El dinero es el ídolo de nuestro tiempo. A él rinde homenaje ‘instintivo’ la multitud, la masa de los hombres. Estos miden la dicha según la fortuna, y, según la fortuna también, miden la honorabilidad… Todo esto se debe a la convicción de que con la riqueza se puede todo. La riqueza por tanto es uno de los ídolos de nuestros días. Dios nos invita a purificar nuestro corazón de los malvados instintos y a buscar el amor de Dios por encima de todo. Nos enseña que la verdadera dicha no reside ni en la riqueza.
Quien quiera andar por el camino de Dios ha de librarse de la codicia, desprendiéndose de la preocupación excesiva de los bienes materiales. Lo que Cristo exige es el desprendimiento del alma de las cosas de este mundo, llevando una vida sencilla, conscientes en todo momento de la pobreza del hombre frente a Dios, viviendo esa virtud que es fundamental para el cristiano: la humildad.

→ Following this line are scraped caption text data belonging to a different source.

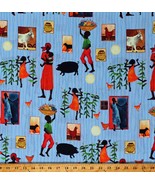 Cotton African Families Women Children Home Blue Fabric Print by Yard D3... - $13.95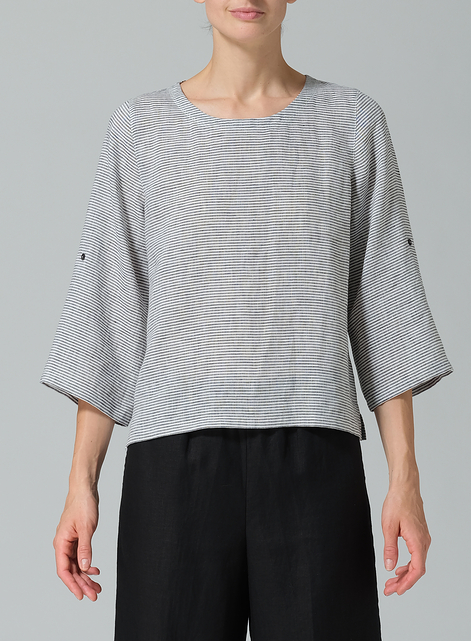 Linen Relaxed Fit Boat Neck Top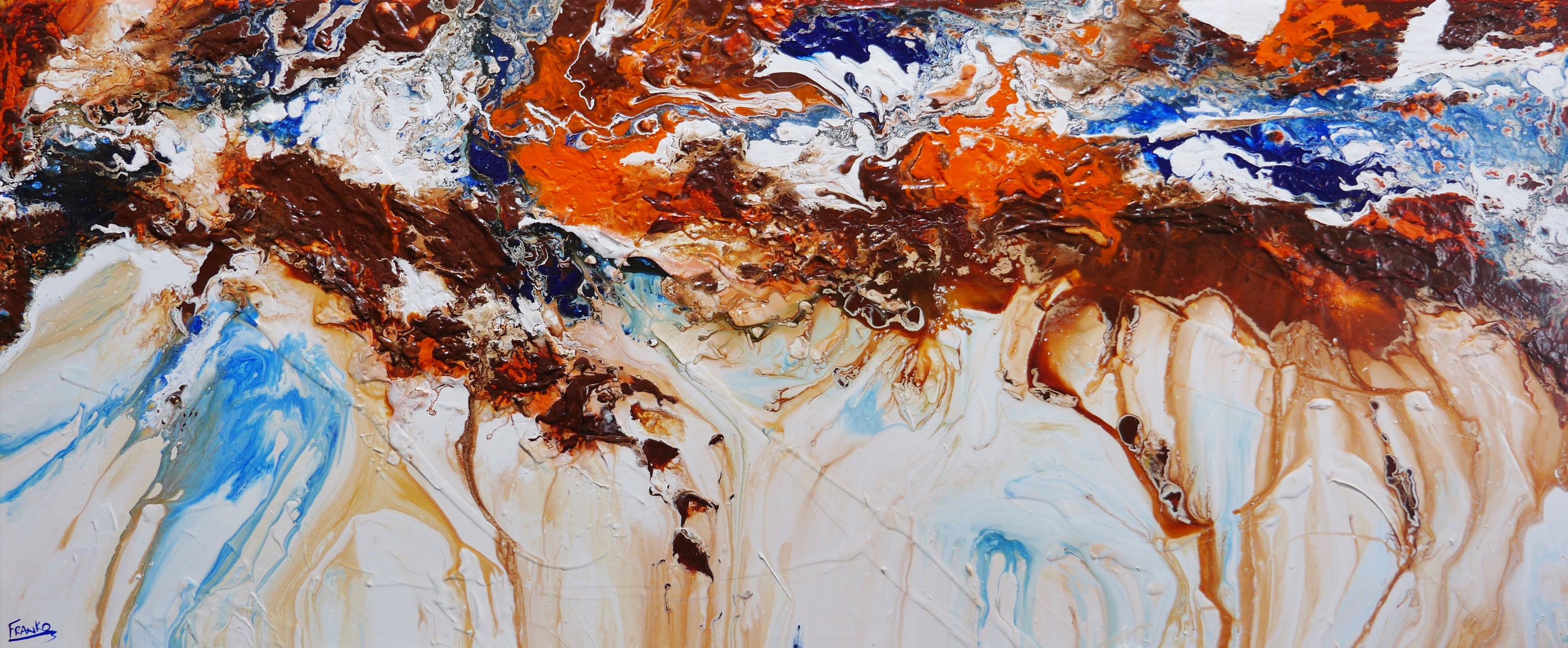 Raw Coast 240cm x 100cm White Rust Cobalt Textured Abstract Painting (SOLD)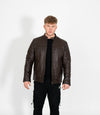 Men's Quilted Leather Biker Style Zip Jacket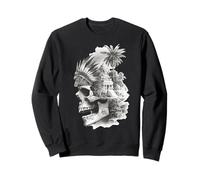 Aztec Skull Maya Mexican Feathered Mayan Indigenous Azteca Sweatshirt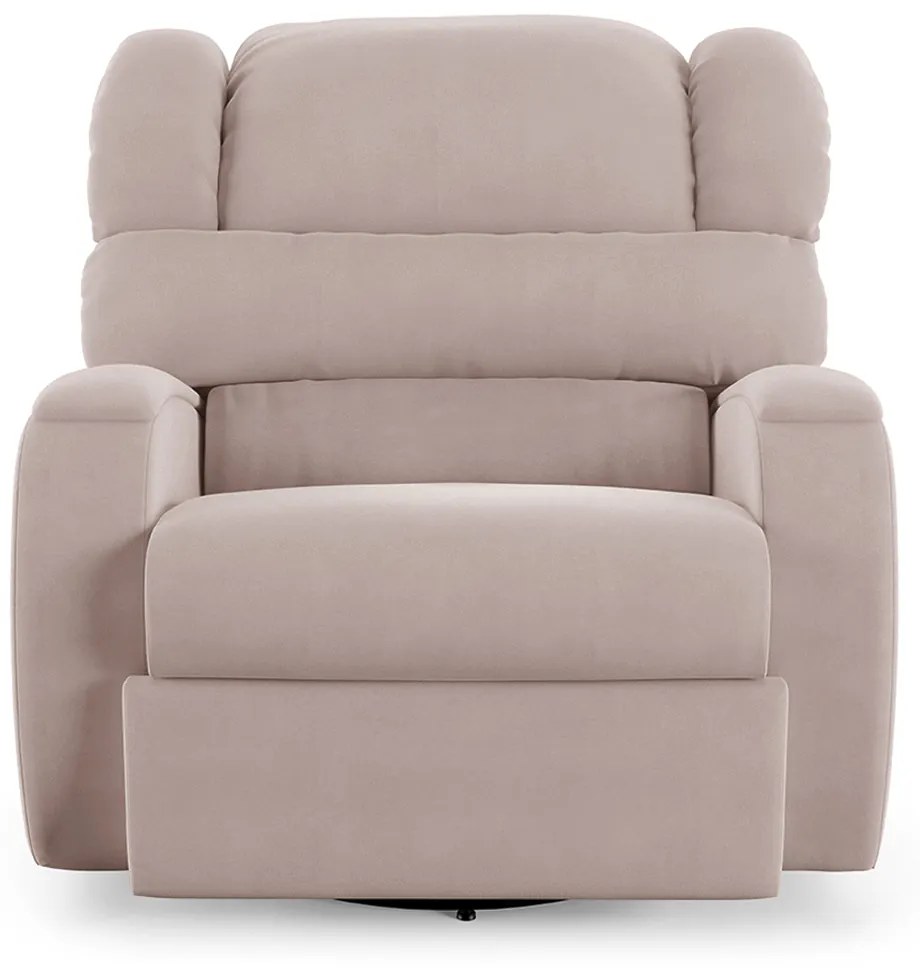 Poltrona do Papai Sala de Cinema Reclinável Kylie Glider Manual Giratória USB Veludo Rosê G23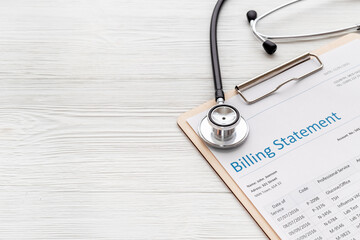 Payment for health care service. Medical billing statement
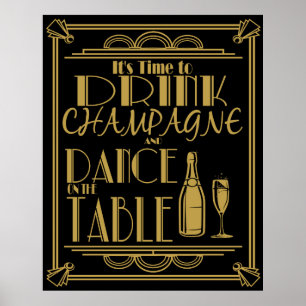 Póster Art deco sua hora de beber o champanhe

Las bienaventuranzas están en el centro de la predicación de Jesús. Con ellas Jesús recoge las promesas hechas al pueblo elegido desde Abraham; pero las perfecciona ordenándolas no sólo a la posesión de una tierra, sino al Reino de los cielos. Catecismo 1716
El hecho de que no se posea dinero, no es de por sí una virtud, se puede ser muy pobre, pero tener la soberbia del rico.
Sólo el pobre de espíritu sale de sí mismo, se pone en camino, no puede estar tranquilo, acepta ser molestado por la palabra de Dios. Por eso, Abraham fue el primer pobre, el primer fiel a la voz de Dios, cuando Dios le dijo: “Vete de tu tierra, y de tu patria, y de la casa de tu padre, a la tierra que yo te mostraré”. Gen 12,1. Abraham atendió la Palabra de Dios, abandonó su país, dejó sus tierras, sus hábitos, su pasado, y se puso en camino, partió, “sin saber a dónde iba” Hebr 11,8 “señal infalible de que estaba en el buen camino”, como dice San Gregorio de Nicea, Padre de la Iglesia.